President rejects Heritage Foundation ranking

President Bharrat Jagdeo has dismissed the country’s recent low ranking for economic freedom, while he disclosed a plan to invite researchers here to dispel fictions about the situation on the ground.

“I am not too bothered with a conservative right-wing body’s ranking of our country,” he told a press briefing on Monday, reacting to the findings of the Wall Street Journal/Heritage Foundation 2009 Index of Economic Freedom that gave Guyana an economic freedom score of 48.4, ranking it 155 of the 183 nations that were surveyed. “I feel we have one of the freest economies in this part of the world, more than many countries in the region,” the President said.

In this year’s ranking, the country’s overall score is 0.4 of a point lower than last year because improvements in four of the 10 economic freedoms were offset by a large decline in the government size score. Guyana did not rank strongly in any category of economic freedom and was only slightly above the world average in labour freedom on the Index, which said although macroeconomic and financial-sector stability has been maintained, the average economic growth over the past five years was only about 1%. It concluded that an “oversized” government is the largest challenge to the country’s development.

The Index grouped Guyana among economically “re-pressed” nations, and ranked it below Haiti at 27 of the 29 countries surveyed in the South and Central America/Caribbean region Only Cuba and Venezuela were ranked lower in the region.

Jagdeo, however, laughed off the Heritage Foundation as a “conservative” body that promotes western interests. He accused the body of being susceptible to influence and said that if an American investor has experienced difficulties the country could be marked down.

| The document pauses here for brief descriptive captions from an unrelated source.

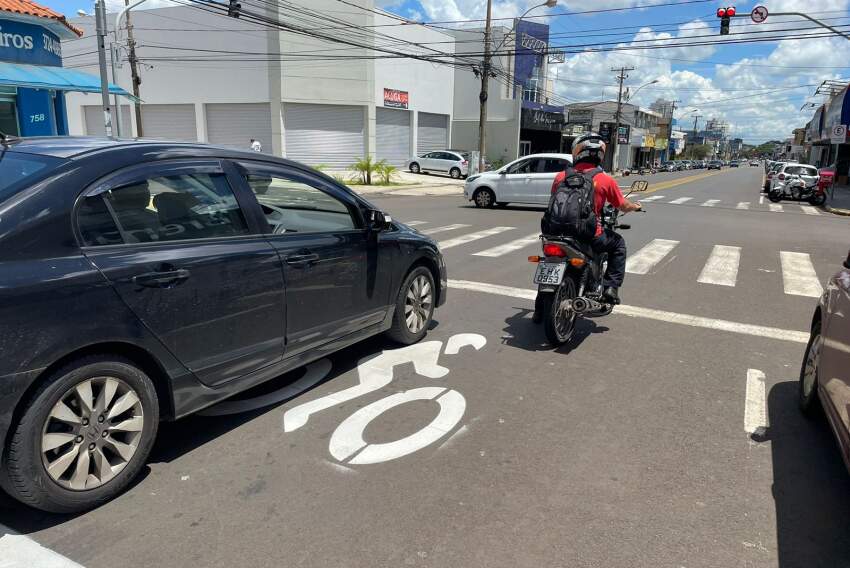 Veículo invade faixa especial para motociclistas e ciclistas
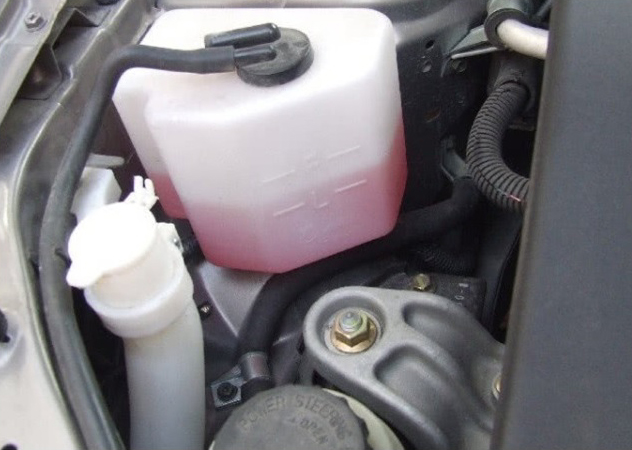 詳解散熱系統(tǒng)，夏天拒絕發(fā)動(dòng)機(jī)高溫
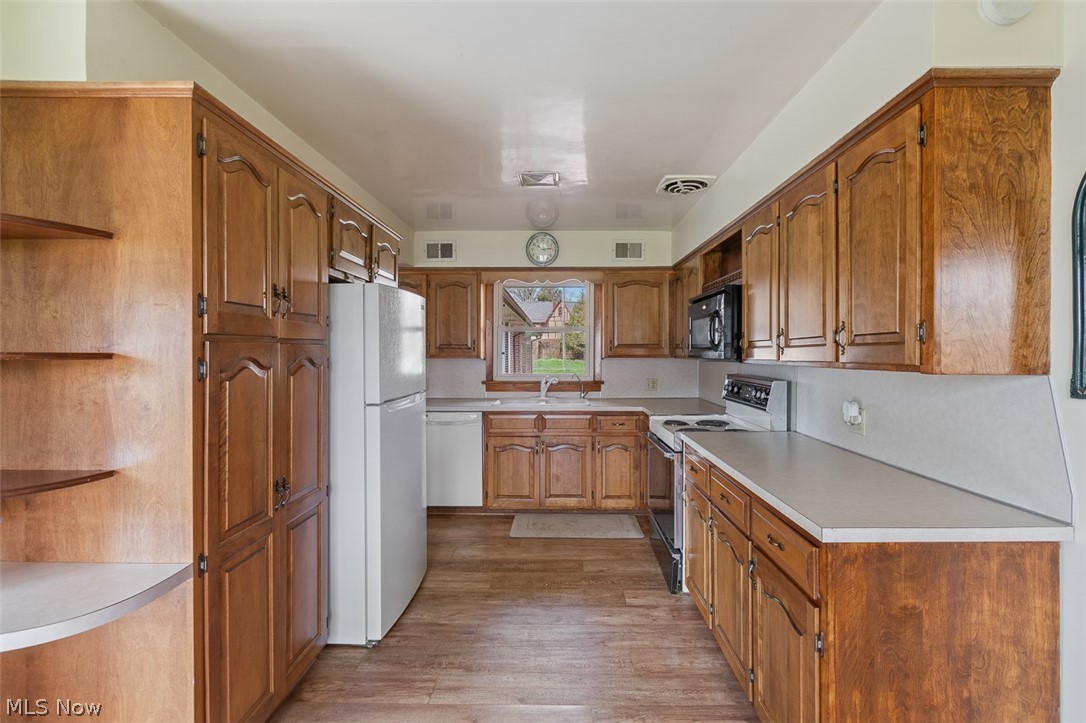 314 E Paradise Street Orrville OH 44667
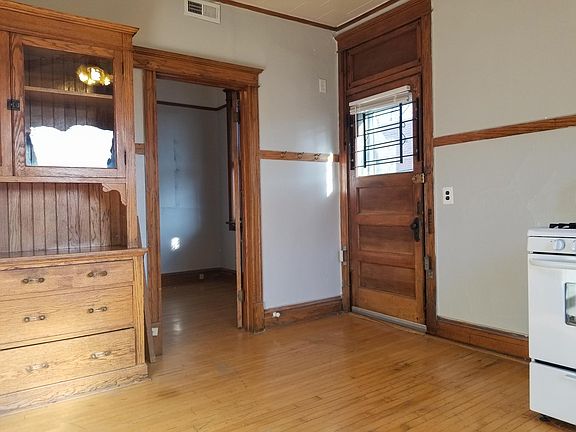 3rd image of 2154 W Charleston Ave #2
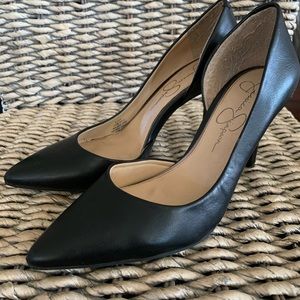 Jessica Simpson D’Orsay Black Pumps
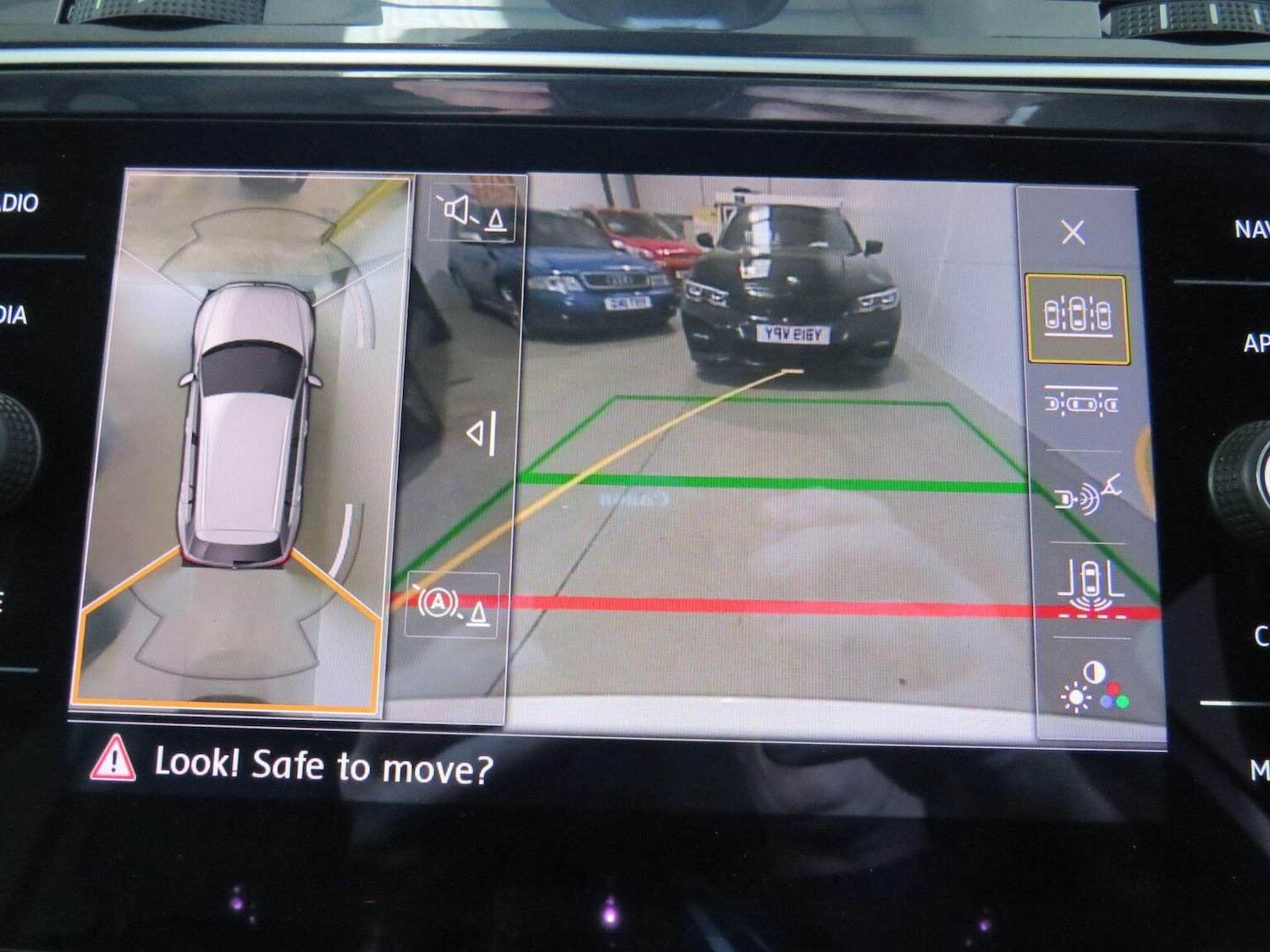 Used Volkswagen Tiguan 2019 for sale - 78064159: Photo 30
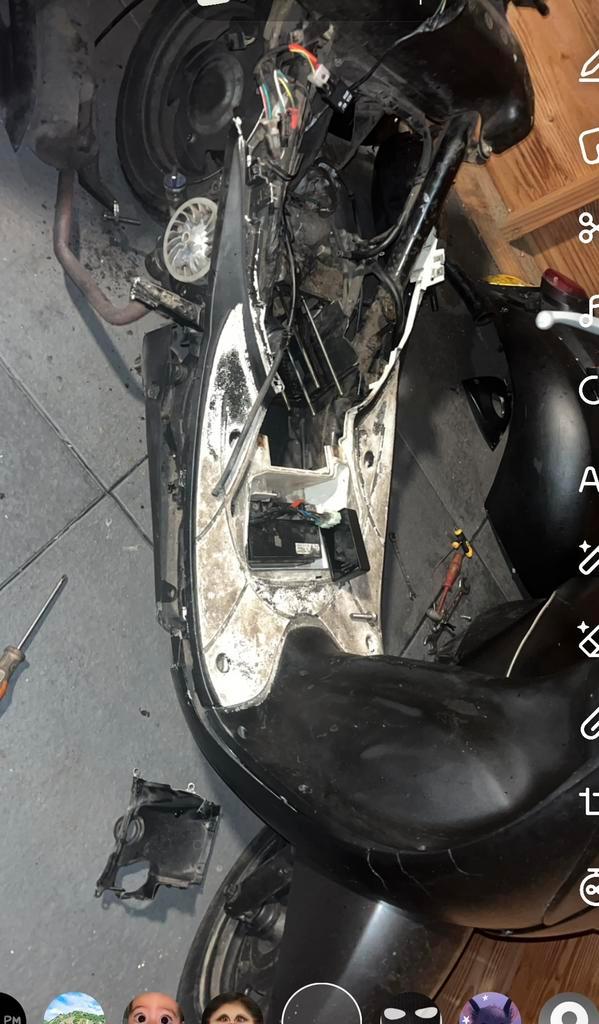 Sym Mio project 80, Fietsen en Brommers, Scooters | SYM, Gebruikt, Mio, Benzine, Ophalen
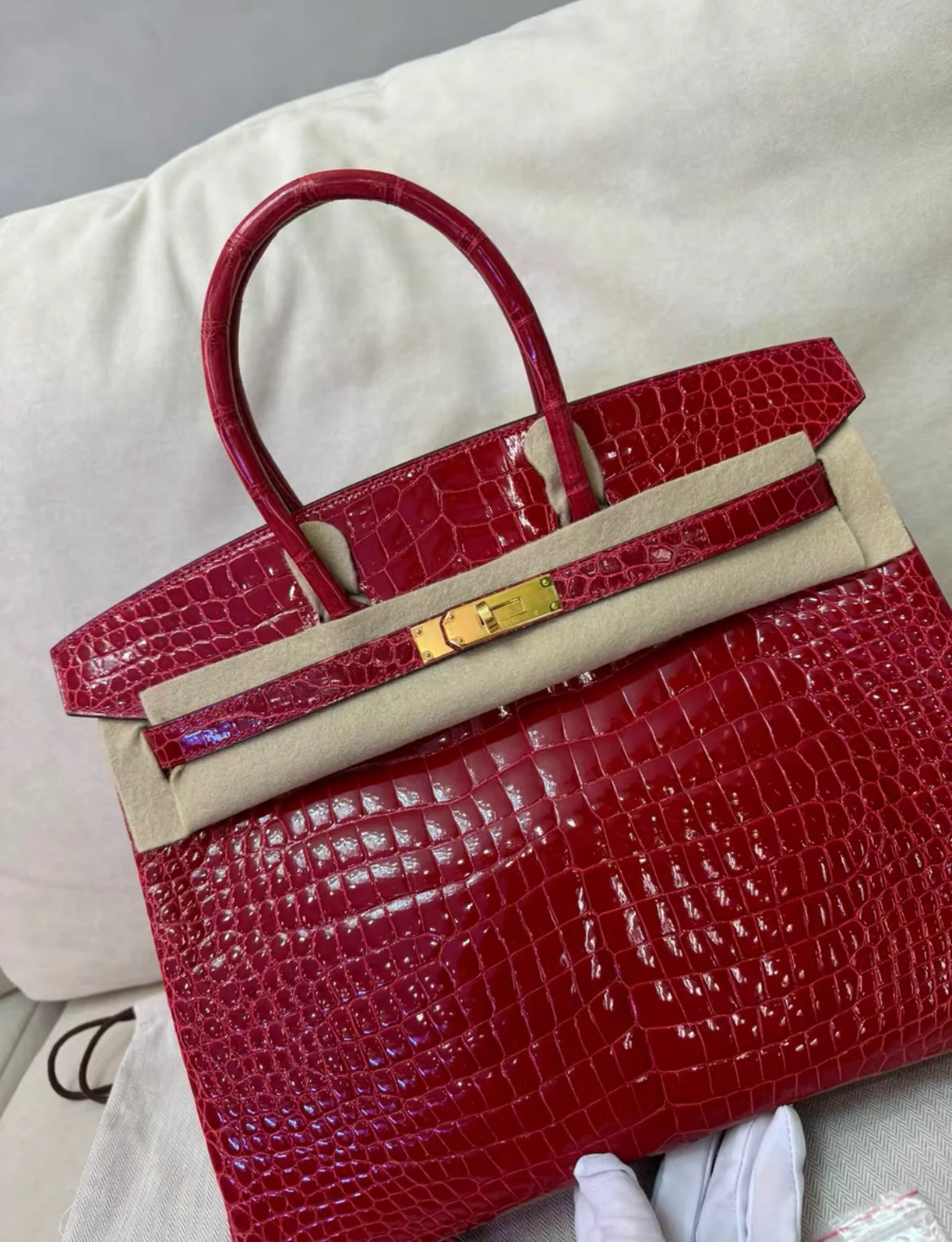 Hermes Birkin 35 Braise Red POROSUS Crocodile With Gold Hardware Handbag - Image 3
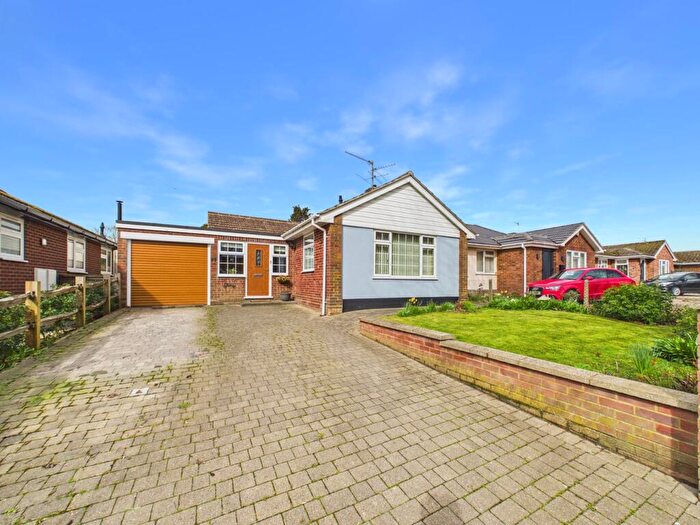 2 Bedroom Bungalow For Sale In Skilton Road, Tilehurst, Reading, RG31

The President also criticised researchers who compile various international indices for having “a serial way” of repeating their findings. “I plan to bring quite a few people who do these indices… so that we could then go through what is fact and fiction,” Jagdeo said. He noted that most of the information used to compile the findings is anecdotal since no one from the Heritage Foundation has visited Guyana. Further, he pointed out that two of contributors to the Index are accountant Christopher Ram and someone from the Ram and McRae accounting firm and he questioned why no one from any other accounting firm was consulted.

Jagdeo also said that unlike many countries in the region, Guyana does not have foreign exchange controls, restrictions on foreign investment in any sectors,  restrictions on repatriation of capital or an alien’s land holding act to prevent foreign nationals from holding land.

According to the Index, Guyanese face substantial constraints on their overall economic freedom. It said property rights are protected only erratically under the weak rule of law and that corruption is a problem in all areas of government. It identified the biggest barrier to development as Guyana’s oversized government, noting that expenditures exceed half of GDP. It added that significant restrictions on foreign investment have been addressed only marginally, and these restrictions, combined with an inefficient bureaucracy, substantially limit investment and business freedom.

Scores are computed based on 10 broad factors of economic freedom, using statistics from organizations like the World Bank, the IMF and the Economist Intelligence Unit. Equal weighting is given to Business Freedom, Trade Freedom, Monetary Freedom, the Freedom from Government, Fiscal Freedom, Property Rights, Investment Freedom, Financial Freedom, Freedom from Corruption and Labour Freedom.  Each indicator is graded on a scale of zero to one hundred, with the latter representing the maximum freedom. A country’s overall score is based on an average derived from the total score.